The Odessa shooting looked like a moment for gun control that they’ve been waiting for, a chance to prove that universal background checks could stop a mass shooting. After all, the killer had been barred from buying a gun already and purchased his AR-15 via a face-to-face transfer, something that would become illegal under a universal background check law.

However, the more we now know more about the gunman and how he got his weapon.

Authorities in Texas have identified a person suspected of illegally manufacturing a rifle and selling it to the man who allegedly killed seven people and wounded more than 20 others in West Texas last Saturday, a report said.

Law-enforcement authorities believe the man lives in Lubbock, Texas, but his identity was not released, The Wall Street Journal reported.

Authorities believe the man was illegally buying parts to guns, assembling a single firearm and then reselling it, the Journal reported.

[Emphasis added]

In other words, the seller was allegedly breaking the law to assemble parts into working firearms. He was reportedly already breaking the law.

While anti-gunners wring their hands and plot how to use this vicious and deadly attack to create more gun control, we find that one kind of gun control already failed in this case. A man who built guns expressly for selling them regardless of the law isn’t someone you can just assume would follow some other arbitrary law. You can’t expect them to say, “I’ve been ignoring this other gun law, but this time they really mean it.”

That’s not how it works. Once someone crosses that line, you can no longer assume they’ll comply with your next law. Especially if they’re building guns for money. After all, then their illegal activities are too easy to track.

So what would have happened if this law had been on the books before Odessa?

Most likely, nothing. Nothing at all.

The seller would still likely have been willing to sell his firearm. The buyer would have still bought the firearm. Since the gun was illegally manufactured, there’s no reason to believe a law requiring a background check would have been followed here either.

The shooter would have still gotten a gun.

Meanwhile, law-abiding citizens who wanted to loan a gun to a friend interested in taking up three-gun competition or even just plinking for a day or two would be required to transfer the gun through an FFL, effectively giving ownership of the gun to the friend.

As per usual, those inclined to break the law would continue to break the law, while the law-abiding citizens of the country would be the ones carrying the burden of the new law. That’s how it’s always been and how it’s always going to be.

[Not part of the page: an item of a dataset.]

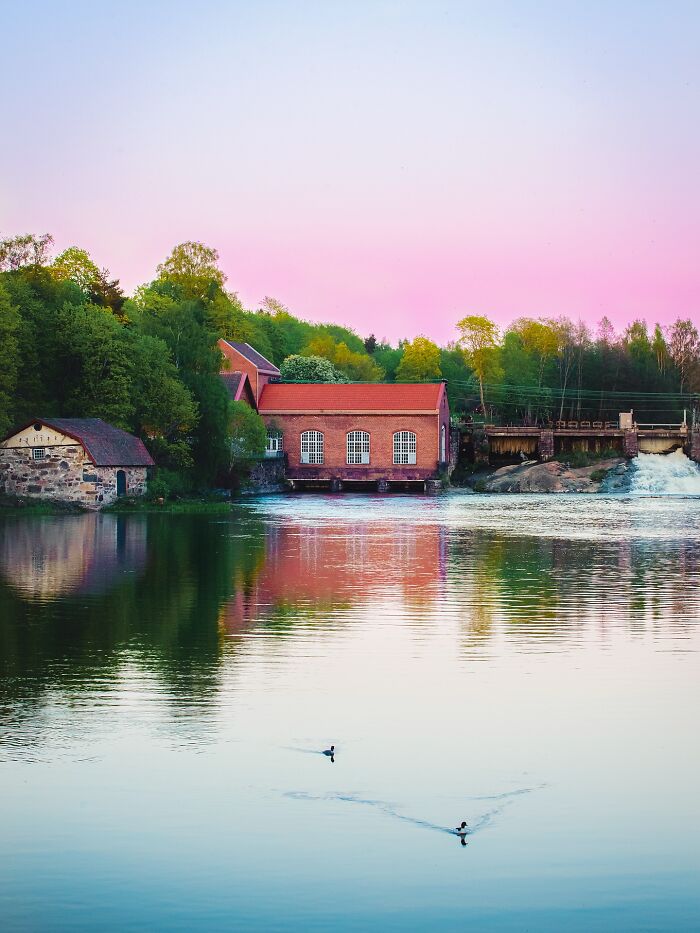 Wait, They Actually Took Pictures THIS Stunning of Finland's Northern Lights?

Now, though, we see the one example of a mass shooting that might have been averted by universal background checks turn out to be nothing of the sort. The seller was allegedly breaking the law in the first place, so there’s no reason to assume he’d have followed yet another law. He’d have still gotten a gun, still killed seven people and wounded many more. Nothing would have changed so far as the attack itself.

Nothing at all.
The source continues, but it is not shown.